Re: How to migrate my HDD to a smaller SSD?

Well, I agree that this should work well, but I've run into some issues. I've now built the system as I want it on a virtual computer, but am having some issues with formatting the drive. I built the partition table so that the /home directory would be NTFS or FAT32 (I've tried both), and therefore readable in Windows computers (others are ext4 and ext2). This doesn't seem to work, and attempting to mount the partition in Windows 7 prompts me to format it. I'm blaming Windows for this behavior for now, but will have to eventually solve it. The more pressing issue is that when attempting to boot from the device, I'm told that the boot partition is either invalid or damaged, no matter my partition style or tool used. I did check to make sure that the /boot partition was flagged as bootable.

Viewing the partition table in either cfdisk or gparted shows everything as perfect. Fdisk complains about the partitions not ending on cylinder boundaries. I'm not sure if this is the issue, but I'm assuming that it is what's causing the issue.
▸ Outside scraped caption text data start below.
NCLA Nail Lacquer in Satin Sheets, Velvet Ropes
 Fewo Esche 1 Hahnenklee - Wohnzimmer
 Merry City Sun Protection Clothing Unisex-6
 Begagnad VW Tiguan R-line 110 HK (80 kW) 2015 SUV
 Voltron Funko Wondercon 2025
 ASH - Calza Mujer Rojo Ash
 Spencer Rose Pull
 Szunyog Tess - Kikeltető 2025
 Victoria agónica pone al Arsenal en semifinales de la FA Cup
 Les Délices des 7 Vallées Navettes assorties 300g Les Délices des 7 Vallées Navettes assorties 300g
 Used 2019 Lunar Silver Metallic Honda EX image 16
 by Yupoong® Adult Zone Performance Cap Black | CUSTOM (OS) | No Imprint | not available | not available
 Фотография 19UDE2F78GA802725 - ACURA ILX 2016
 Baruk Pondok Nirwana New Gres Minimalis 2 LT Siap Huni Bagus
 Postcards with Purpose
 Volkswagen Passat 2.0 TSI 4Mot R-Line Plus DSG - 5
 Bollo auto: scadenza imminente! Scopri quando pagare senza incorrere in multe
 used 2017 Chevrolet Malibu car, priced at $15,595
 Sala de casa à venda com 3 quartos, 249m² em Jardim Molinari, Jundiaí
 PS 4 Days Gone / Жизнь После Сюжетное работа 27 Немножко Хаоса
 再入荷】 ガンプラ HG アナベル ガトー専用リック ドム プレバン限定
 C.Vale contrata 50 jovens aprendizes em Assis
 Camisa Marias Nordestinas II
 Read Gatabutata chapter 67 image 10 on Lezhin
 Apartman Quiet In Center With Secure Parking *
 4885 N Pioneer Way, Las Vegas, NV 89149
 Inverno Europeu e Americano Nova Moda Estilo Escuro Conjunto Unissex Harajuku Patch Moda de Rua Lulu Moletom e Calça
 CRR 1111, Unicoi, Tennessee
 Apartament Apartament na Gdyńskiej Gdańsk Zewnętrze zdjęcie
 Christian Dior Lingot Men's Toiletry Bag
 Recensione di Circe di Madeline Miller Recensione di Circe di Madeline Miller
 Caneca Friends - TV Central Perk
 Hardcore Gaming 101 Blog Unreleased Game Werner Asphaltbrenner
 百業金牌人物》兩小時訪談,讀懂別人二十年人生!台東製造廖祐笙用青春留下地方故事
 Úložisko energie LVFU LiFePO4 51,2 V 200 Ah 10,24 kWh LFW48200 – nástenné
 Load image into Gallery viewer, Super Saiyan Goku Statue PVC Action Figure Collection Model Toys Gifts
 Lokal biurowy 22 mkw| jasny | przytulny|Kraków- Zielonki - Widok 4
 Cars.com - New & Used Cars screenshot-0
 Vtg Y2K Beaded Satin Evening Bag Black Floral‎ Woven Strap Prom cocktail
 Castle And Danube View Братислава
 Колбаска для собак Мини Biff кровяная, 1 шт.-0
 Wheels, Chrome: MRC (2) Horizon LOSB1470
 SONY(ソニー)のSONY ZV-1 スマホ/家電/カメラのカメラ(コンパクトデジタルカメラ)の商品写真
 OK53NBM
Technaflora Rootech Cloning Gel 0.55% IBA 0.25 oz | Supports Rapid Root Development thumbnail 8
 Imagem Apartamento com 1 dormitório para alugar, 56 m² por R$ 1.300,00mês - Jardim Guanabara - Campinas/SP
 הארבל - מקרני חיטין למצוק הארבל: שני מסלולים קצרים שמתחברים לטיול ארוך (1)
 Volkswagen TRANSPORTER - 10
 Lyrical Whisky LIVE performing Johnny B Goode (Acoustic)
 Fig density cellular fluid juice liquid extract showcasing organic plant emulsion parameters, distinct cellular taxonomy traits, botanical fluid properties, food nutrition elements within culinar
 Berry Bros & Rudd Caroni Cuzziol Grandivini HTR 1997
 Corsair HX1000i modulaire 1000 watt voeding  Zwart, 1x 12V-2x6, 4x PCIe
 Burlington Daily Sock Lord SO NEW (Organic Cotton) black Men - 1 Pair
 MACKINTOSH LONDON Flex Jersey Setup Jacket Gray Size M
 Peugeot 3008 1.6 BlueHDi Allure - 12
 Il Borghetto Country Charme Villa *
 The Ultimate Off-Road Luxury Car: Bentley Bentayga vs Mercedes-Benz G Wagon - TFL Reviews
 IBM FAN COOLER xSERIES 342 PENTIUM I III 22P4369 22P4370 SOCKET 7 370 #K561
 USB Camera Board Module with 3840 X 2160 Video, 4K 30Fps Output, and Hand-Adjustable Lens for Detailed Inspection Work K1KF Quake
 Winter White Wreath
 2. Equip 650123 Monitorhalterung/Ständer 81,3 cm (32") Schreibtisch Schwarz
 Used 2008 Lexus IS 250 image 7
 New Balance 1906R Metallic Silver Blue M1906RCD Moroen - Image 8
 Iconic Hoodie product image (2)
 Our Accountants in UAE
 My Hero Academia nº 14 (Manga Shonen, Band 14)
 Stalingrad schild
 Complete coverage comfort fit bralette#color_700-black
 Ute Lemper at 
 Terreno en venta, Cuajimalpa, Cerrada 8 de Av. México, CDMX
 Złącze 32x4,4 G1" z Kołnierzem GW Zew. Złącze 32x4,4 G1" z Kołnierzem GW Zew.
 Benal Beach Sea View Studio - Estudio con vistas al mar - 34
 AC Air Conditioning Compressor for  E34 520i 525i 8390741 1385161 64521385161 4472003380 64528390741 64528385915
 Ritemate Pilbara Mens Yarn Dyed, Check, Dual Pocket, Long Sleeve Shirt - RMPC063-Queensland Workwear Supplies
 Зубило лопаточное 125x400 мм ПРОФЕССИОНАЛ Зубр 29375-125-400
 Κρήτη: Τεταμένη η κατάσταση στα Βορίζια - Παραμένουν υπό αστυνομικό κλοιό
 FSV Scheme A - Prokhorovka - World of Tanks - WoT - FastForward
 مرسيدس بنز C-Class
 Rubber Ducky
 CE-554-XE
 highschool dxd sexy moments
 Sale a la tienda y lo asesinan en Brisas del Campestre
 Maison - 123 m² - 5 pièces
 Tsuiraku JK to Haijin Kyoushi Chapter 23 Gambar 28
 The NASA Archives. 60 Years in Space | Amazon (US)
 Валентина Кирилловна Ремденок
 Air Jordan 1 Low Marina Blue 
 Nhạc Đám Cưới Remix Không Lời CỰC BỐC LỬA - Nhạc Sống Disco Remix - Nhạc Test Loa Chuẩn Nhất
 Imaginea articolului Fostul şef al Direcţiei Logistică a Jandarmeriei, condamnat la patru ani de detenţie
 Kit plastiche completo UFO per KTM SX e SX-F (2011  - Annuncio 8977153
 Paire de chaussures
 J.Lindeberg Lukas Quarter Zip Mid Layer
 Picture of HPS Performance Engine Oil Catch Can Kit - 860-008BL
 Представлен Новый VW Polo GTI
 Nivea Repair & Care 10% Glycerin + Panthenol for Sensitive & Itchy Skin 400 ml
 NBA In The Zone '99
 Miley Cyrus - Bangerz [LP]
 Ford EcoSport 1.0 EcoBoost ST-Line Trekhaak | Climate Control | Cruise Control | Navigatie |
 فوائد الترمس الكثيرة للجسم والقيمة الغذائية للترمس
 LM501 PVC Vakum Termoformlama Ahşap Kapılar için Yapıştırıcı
I solved the problem by simply going through the arch setup and making a usual installation to the usb device and overwriting it with the installation that I had prepared in virtualbox. Everything now works wonderfully. The partition tables appear exactly as they did when I created them in the other devices, but cfdisk in the arch setup context seems to do the trick.

It isn't overly important, but I'd love to hear ideas as to what I did wrong.